■ **ACTION ITEM**
Word for word, quote the lines from the one containing "Best LED Strip" to the end of the entries below, including both. Leave pictures out.

■ **RECORDED DATA**

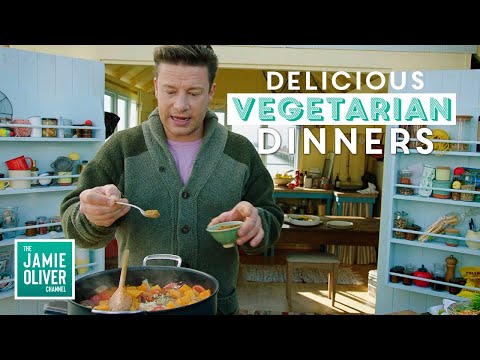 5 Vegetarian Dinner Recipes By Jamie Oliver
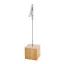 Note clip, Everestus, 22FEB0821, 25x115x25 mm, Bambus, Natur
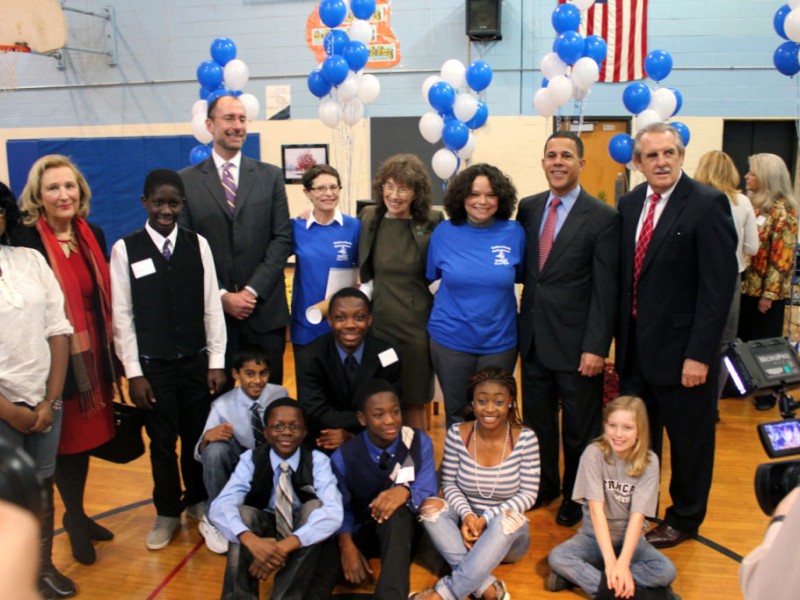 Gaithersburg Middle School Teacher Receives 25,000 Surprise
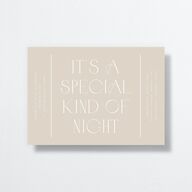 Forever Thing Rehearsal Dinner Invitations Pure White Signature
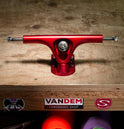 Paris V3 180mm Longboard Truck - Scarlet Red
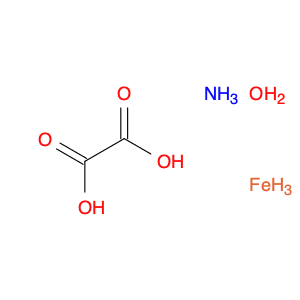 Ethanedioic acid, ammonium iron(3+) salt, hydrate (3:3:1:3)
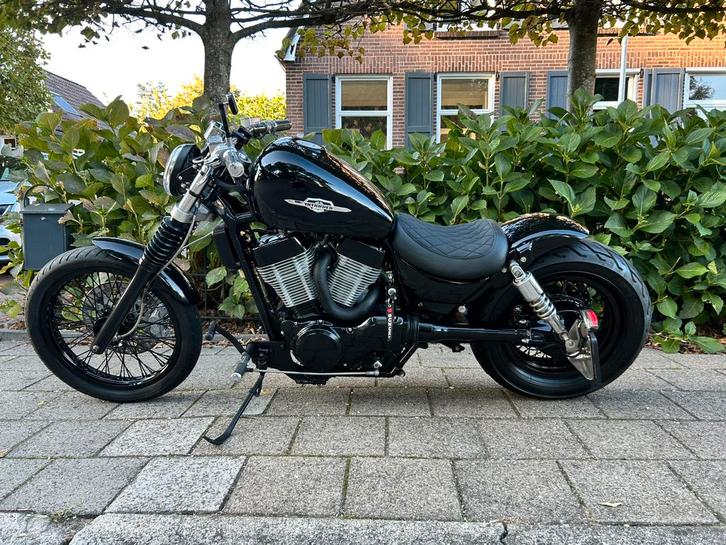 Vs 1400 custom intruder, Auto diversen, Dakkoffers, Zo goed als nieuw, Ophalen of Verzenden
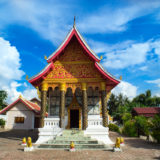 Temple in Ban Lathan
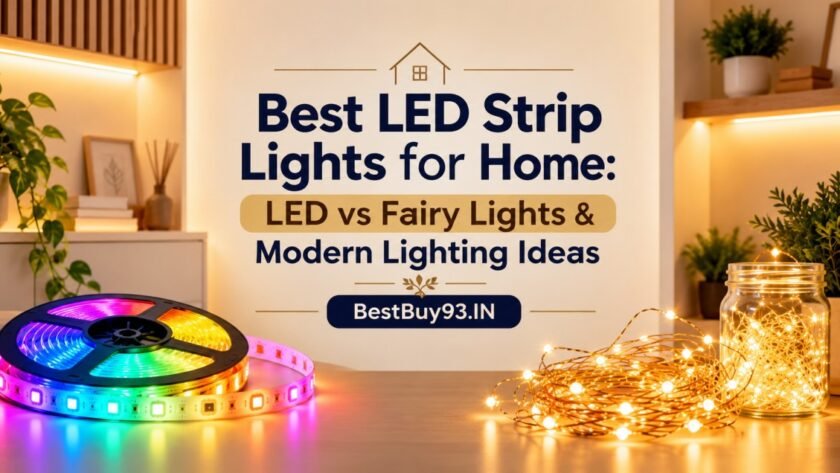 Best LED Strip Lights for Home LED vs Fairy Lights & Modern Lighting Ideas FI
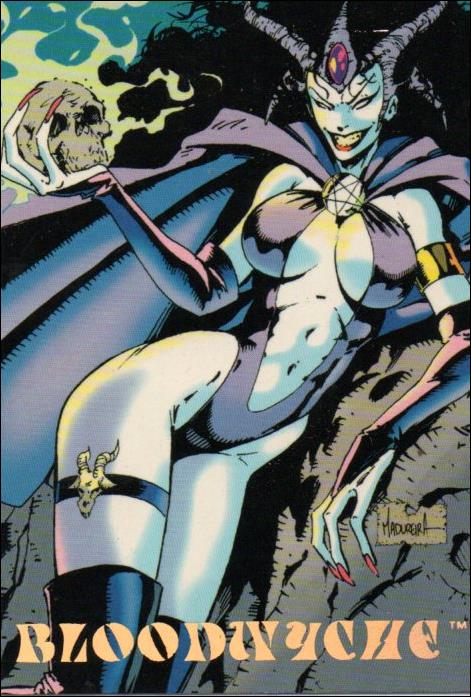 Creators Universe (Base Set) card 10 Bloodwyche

■ **RESULT BELOW**
 Best LED Strip Lights for Home LED vs Fairy Lights & Modern Lighting Ideas FI
 Creators Universe (Base Set) card 10 Bloodwyche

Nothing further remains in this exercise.